--- What you need to do ---
Beneath this line are entries. Copy the range from the line with "948 S 1st St, Mayfield, KY 42066" to the line with "Chevrolet Traverse AWD 4dr LS w/1LS 2019", ends included, exactly; leave pictures out.

--- Data provided ---
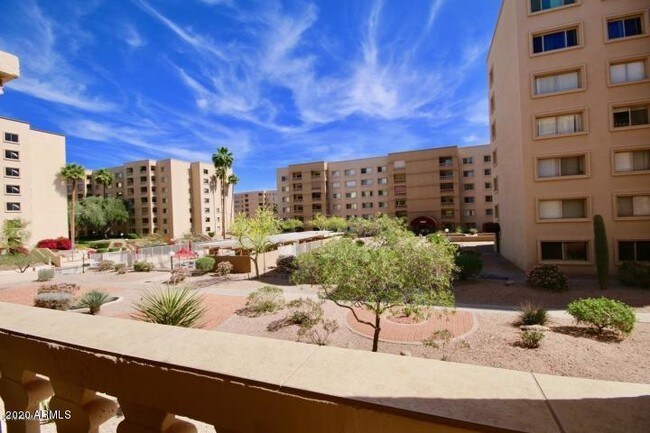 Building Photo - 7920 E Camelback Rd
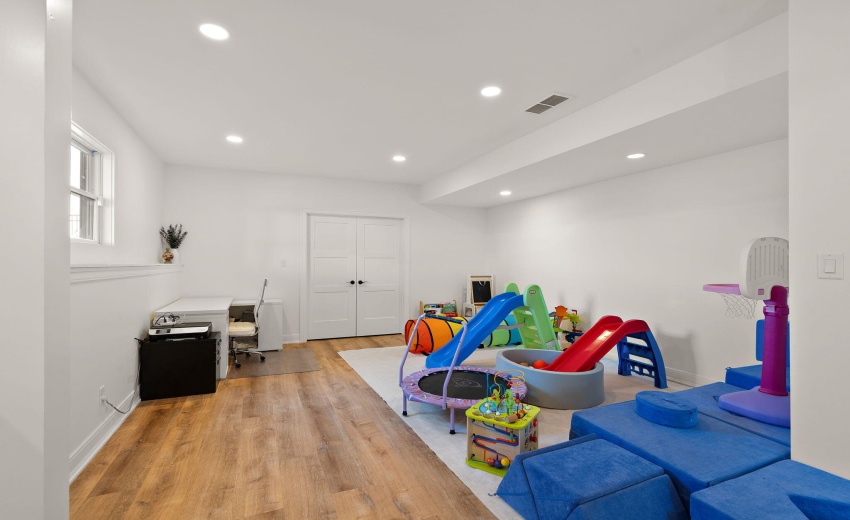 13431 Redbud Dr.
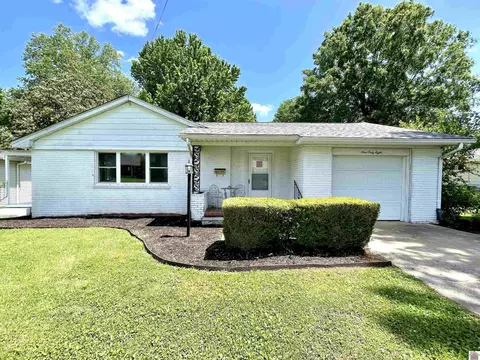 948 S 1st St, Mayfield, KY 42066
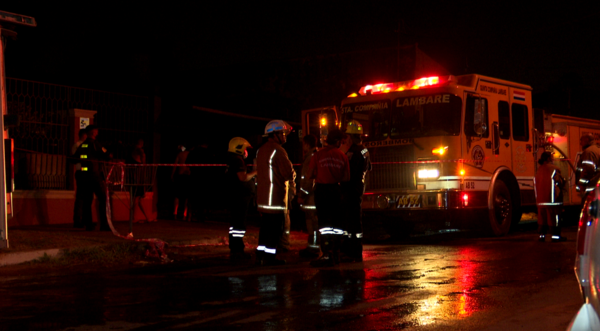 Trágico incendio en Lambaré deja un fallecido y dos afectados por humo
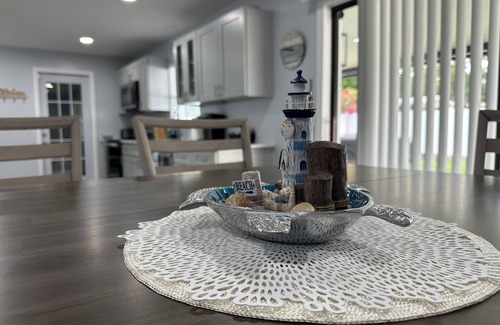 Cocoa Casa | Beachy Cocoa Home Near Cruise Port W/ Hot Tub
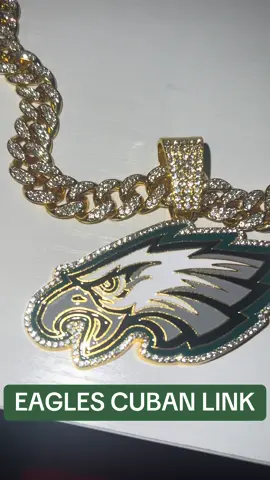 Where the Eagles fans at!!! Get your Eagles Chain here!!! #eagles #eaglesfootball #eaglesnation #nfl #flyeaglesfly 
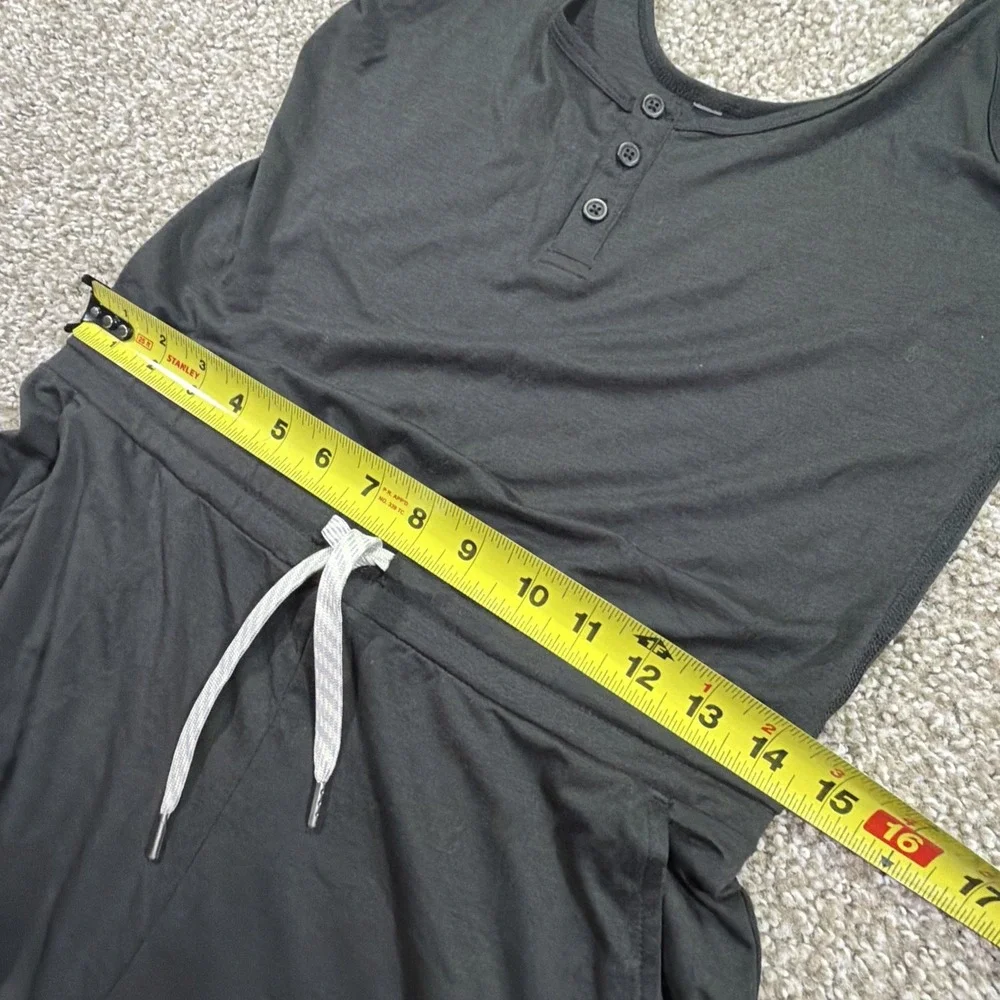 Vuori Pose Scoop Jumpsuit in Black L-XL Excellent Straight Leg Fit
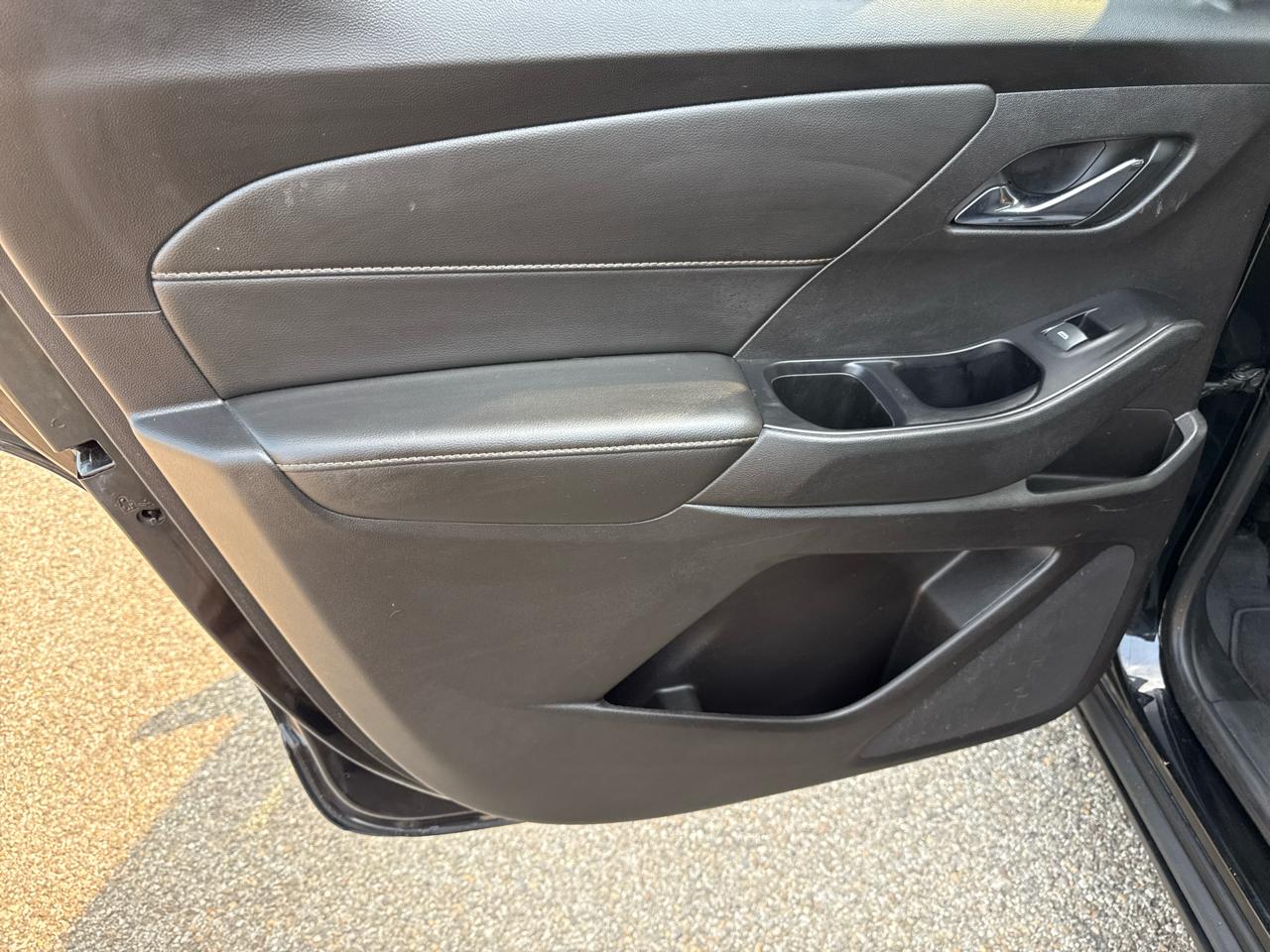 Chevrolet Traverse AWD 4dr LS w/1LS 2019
---
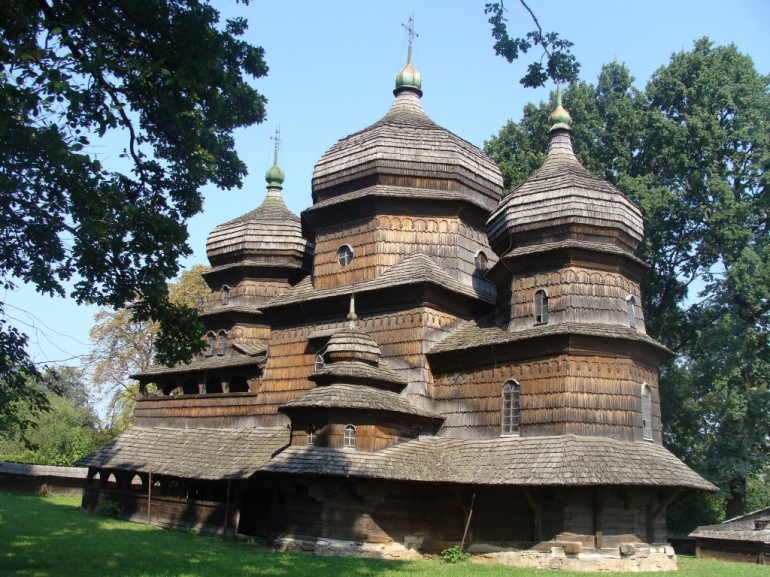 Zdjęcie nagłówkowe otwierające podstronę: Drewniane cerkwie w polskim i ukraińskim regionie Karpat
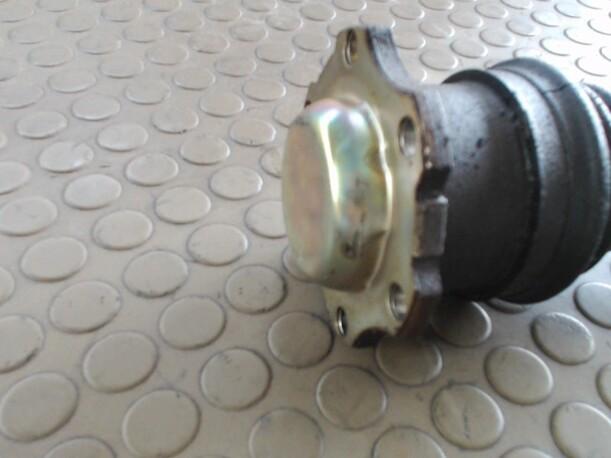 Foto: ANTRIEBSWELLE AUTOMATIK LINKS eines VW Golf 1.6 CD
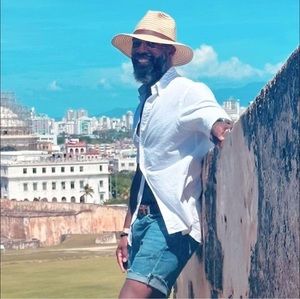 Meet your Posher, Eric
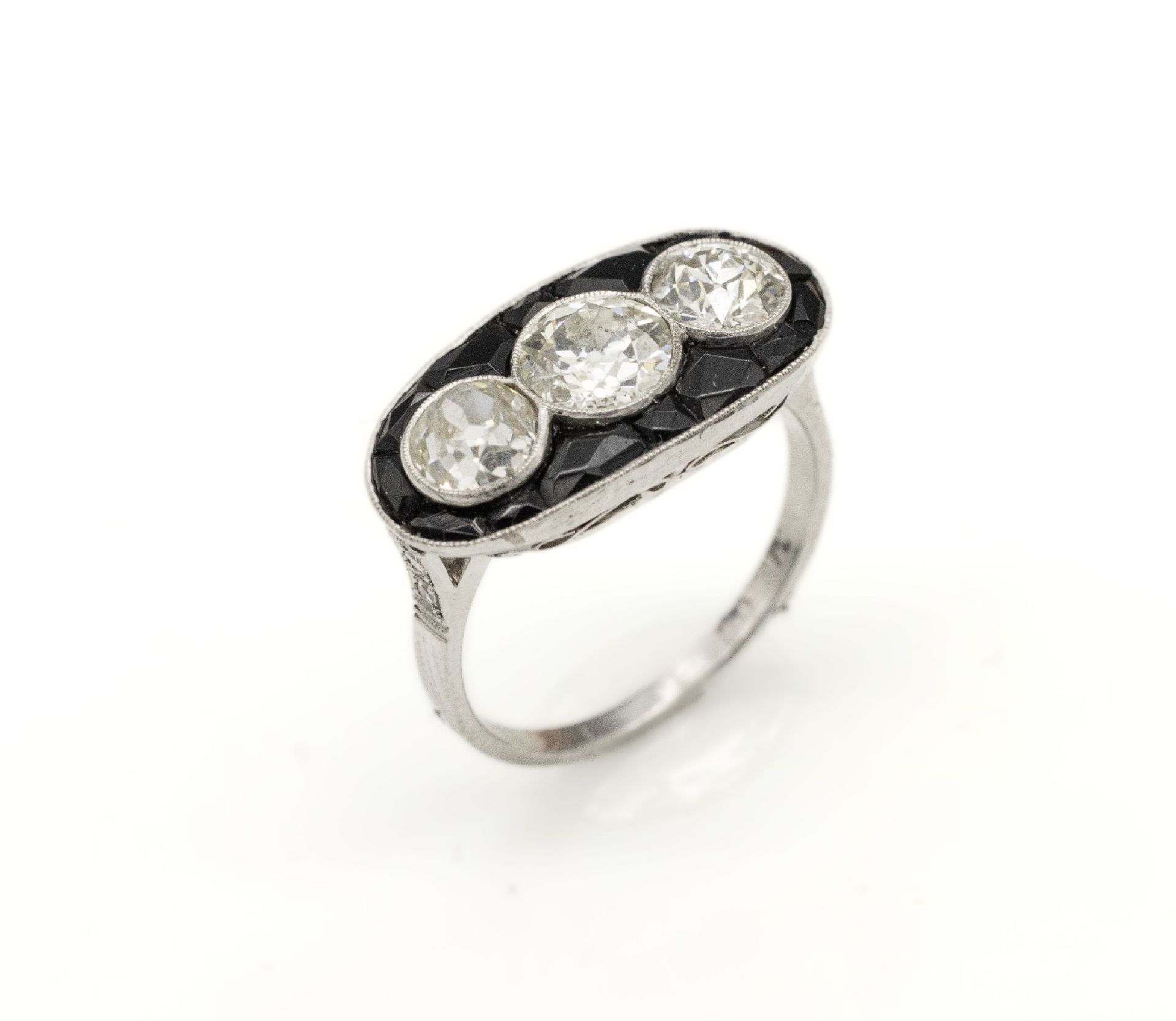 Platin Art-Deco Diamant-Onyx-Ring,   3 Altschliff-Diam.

--- Response to the exercise ---
 948 S 1st St, Mayfield, KY 42066
 Trágico incendio en Lambaré deja un fallecido y dos afectados por humo
 Cocoa Casa | Beachy Cocoa Home Near Cruise Port W/ Hot Tub
 Where the Eagles fans at!!! Get your Eagles Chain here!!! #eagles #eaglesfootball #eaglesnation #nfl #flyeaglesfly 
 Vuori Pose Scoop Jumpsuit in Black L-XL Excellent Straight Leg Fit
 Chevrolet Traverse AWD 4dr LS w/1LS 2019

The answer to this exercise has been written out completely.